西村は、スーパーで母親の指示によって万引きする子供を見つけ、万引きGメンにバレていることを教える。チック症の母親は邪魔されたと思い、西村へ憤るが、金がありそうな服装から、売春の誘いを持ち掛ける。西村はその気が無いが、母親の激情により、関係を持つようになる。

(3)石川

石川は西村が以前コンビを組んでいたスリだったが、石川が所属していた危険な組織による強盗事件へ強制的に参加させられて以来、見ることは無かった。その組織の長である木崎という怪しい男が西村へ近づき、西村は石川が消されたことを知る。さらに木崎は西村へ再び強制的なミッションを与える。

 (4)ミッション

西村は木崎から与えられた危険なミッションをこなしていく。最後のミッションの難しさから自らに危険が及ぶことを予感した彼は、万引きをしていた子供と母親に会い、子供が施設へ入れるように手続きする。
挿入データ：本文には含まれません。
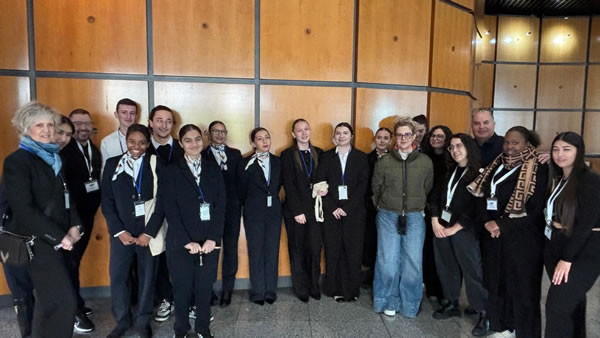 Elèves de Première "Accueil" au lycée Claret de Toulon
彼は最後のミッションをなんとか完遂するが、木崎によってあえなく、腹部を刺されてしまう。人通りの無い細い路地で、血まみれになる彼はいつの間にかポケットに入っていた500円玉によって、自分の存在を気付かせようと通行人へ投げようとする。

 

3.魅力

全体を暗く重苦しい雰囲気が覆っている。それは、この作者が持つ文体によるものだろう。その中から、掏摸という行為への意識と感覚が生々しく描かれている。作者は純文学作家でありながら、ストーリーを起伏に富んだ面白いものとして描いている。そこも作者の魅力だろう。